Now, while Byrnes and Bevin shout for free elections in Bulgaria, Rumania and Hungary, Molotov replies that there is more democracy in those countries than they have ever had before (he could have added: “As much as exists in Byrnes’ poll-tax state of South Carolina, too”). This is true. Prior to June, 1940, only the employed and literate male Rumanians over thirty could vote (nearly fifty per cent of the population is illiterate) and only government candidates were allowed. During the Nazi occupation, no one voted. In Bulgaria, no parties were permitted, the Cabinet being responsible only to the King.
It seems that France and England have some interests in addition to their style of democracy in these countries. Here were their pre-war interests:
“The French control Yugoslavia copper and lumber industries, Bulgaria’s banking and Rumania’s banking, iron works and cement factories. The British control the Yugoslav lead and zinc mines, the Rumanian oil industry and the Greek nickel mines and public utilities. The Belgians control Bulgaria’s mining and public utilities.” (From Spotlight on the Balkans, Foreign Policy Association pamphlet.)
Now, most, if not all, of these properties have been nationalized by the Russian puppet regimes. It is a paradoxical note that it is Bevin, standing on the British Labor Party program of nationalization of basic industries in England, and the minister of de Gaulle, who promised to nationalize French mines, who are protesting the nationalization undertaken in Rumania, Yugoslavia and Bulgaria. While Labor Action desires nationalization of all industry, this is a graphic example that nationalization in and by itself is no guarantee of a progressive regime without workers’ control. The question of who is in control of the political regime which nationalizes the property is of paramount importance.

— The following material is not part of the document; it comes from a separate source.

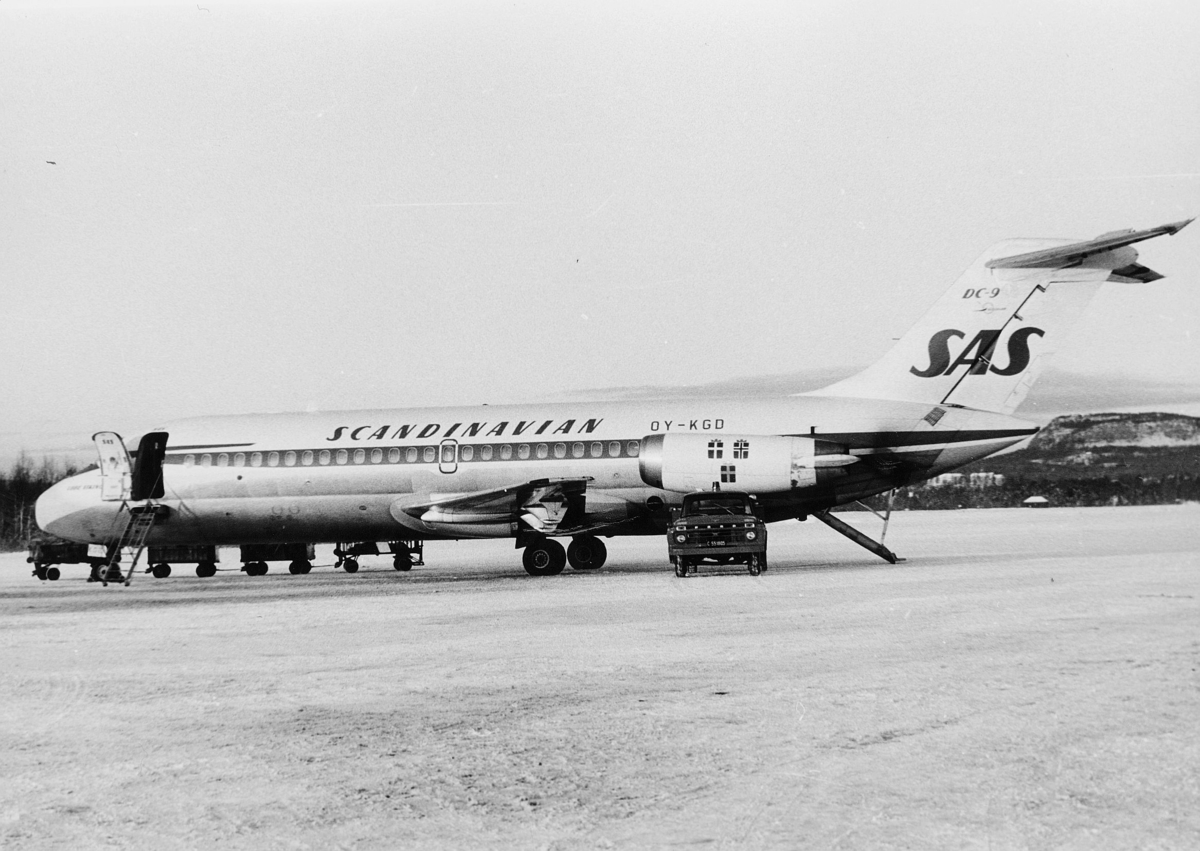 transport, fly, Oslo Lufthavn, OY - KGD DC - 9 SCANDINAVIEN SAS, på bakken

The negotiations for the super-Versailles drag on. Bulgarian elections, desired by Russia, have been postponed in response to British and American pressure. Russia opposes immediate elections in Czechoslovakia, where Bevin’s foreign policy speech was supposed to have had an influence, while she is indifferent to them in Greece, since not Russian, but British, troops are there.
The preparations of World War III in the making.